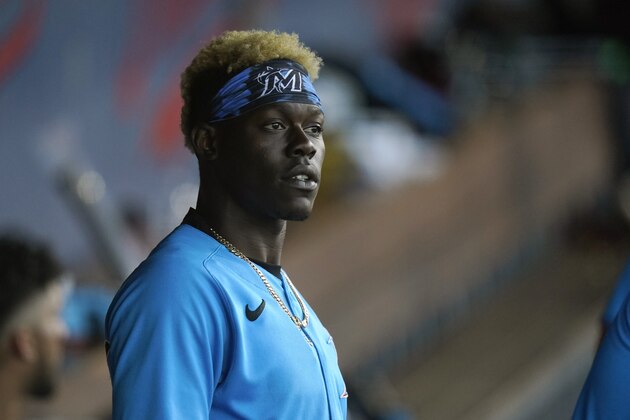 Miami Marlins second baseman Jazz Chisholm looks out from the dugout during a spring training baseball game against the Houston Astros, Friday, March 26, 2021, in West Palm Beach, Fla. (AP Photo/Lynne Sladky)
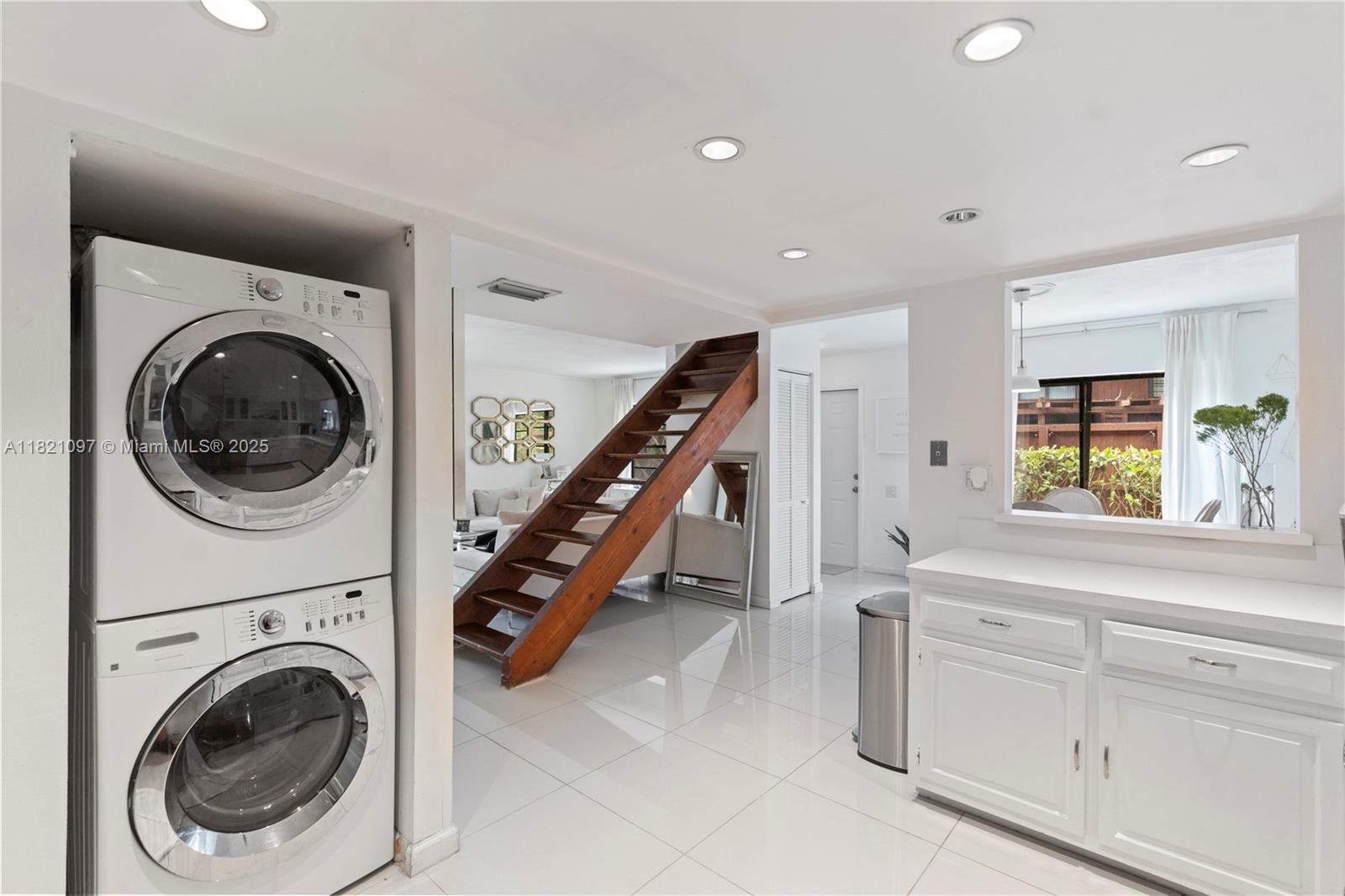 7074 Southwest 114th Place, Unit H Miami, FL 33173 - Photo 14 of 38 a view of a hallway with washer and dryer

...

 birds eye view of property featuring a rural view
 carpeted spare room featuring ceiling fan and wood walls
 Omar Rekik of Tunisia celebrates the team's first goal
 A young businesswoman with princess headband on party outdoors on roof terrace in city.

* * *

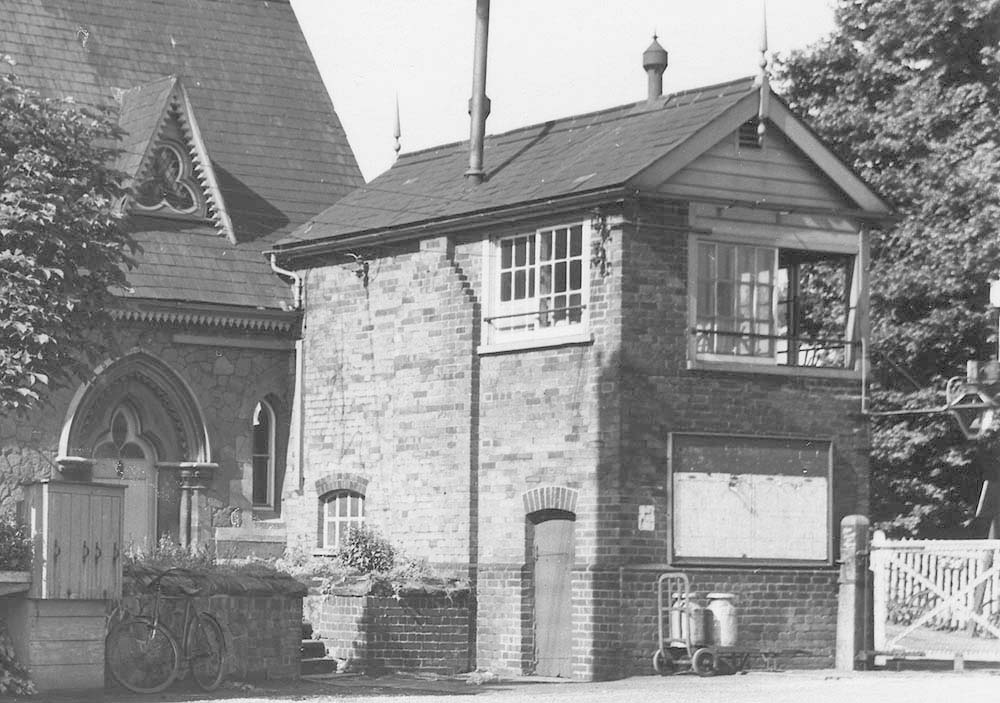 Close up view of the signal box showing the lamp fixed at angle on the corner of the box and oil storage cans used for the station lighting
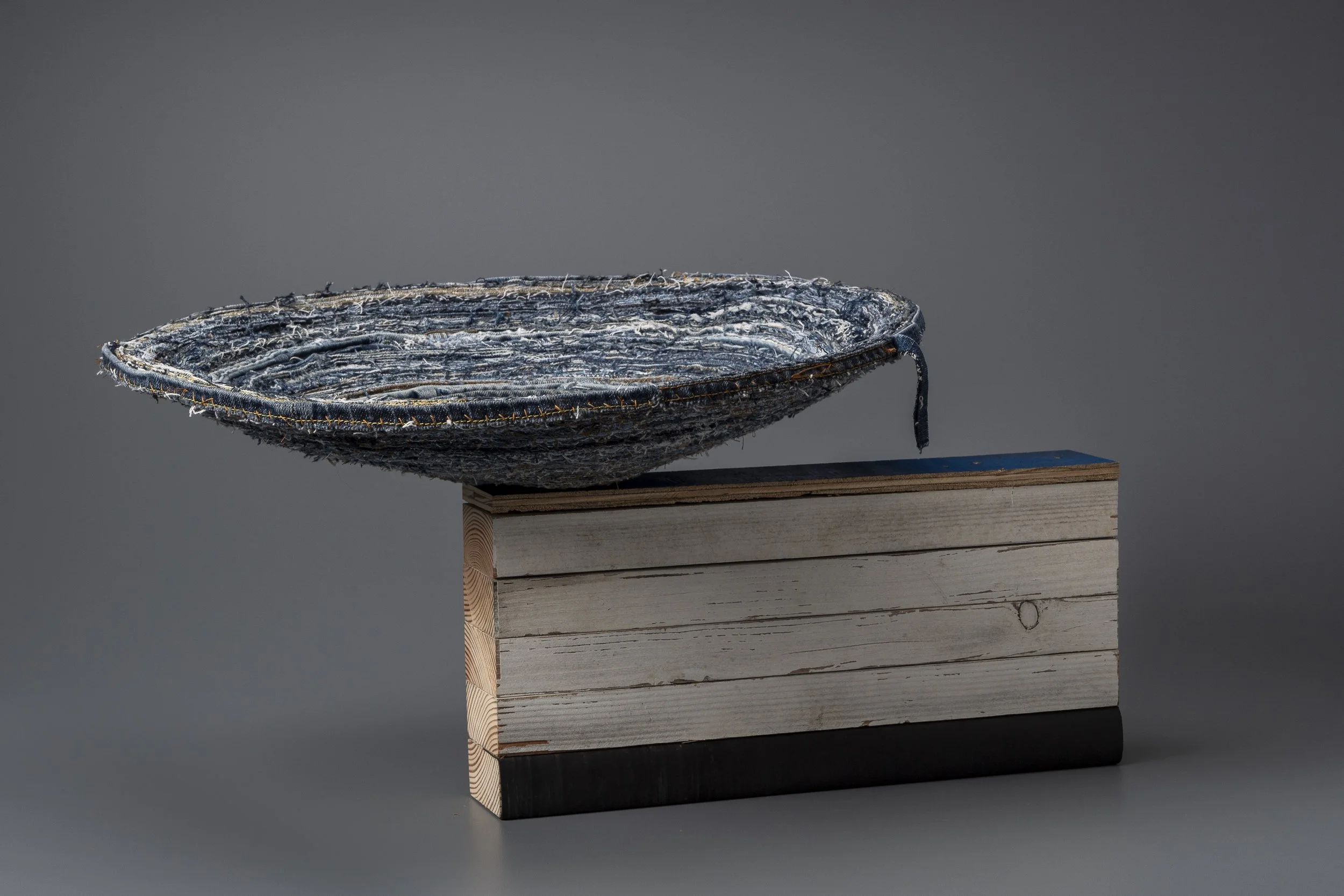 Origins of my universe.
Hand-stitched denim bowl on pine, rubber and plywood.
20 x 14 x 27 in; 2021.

**Task requirements**
Collect every line above that contains the word "featuring".

**Answer to this task**
 birds eye view of property featuring a rural view
 carpeted spare room featuring ceiling fan and wood walls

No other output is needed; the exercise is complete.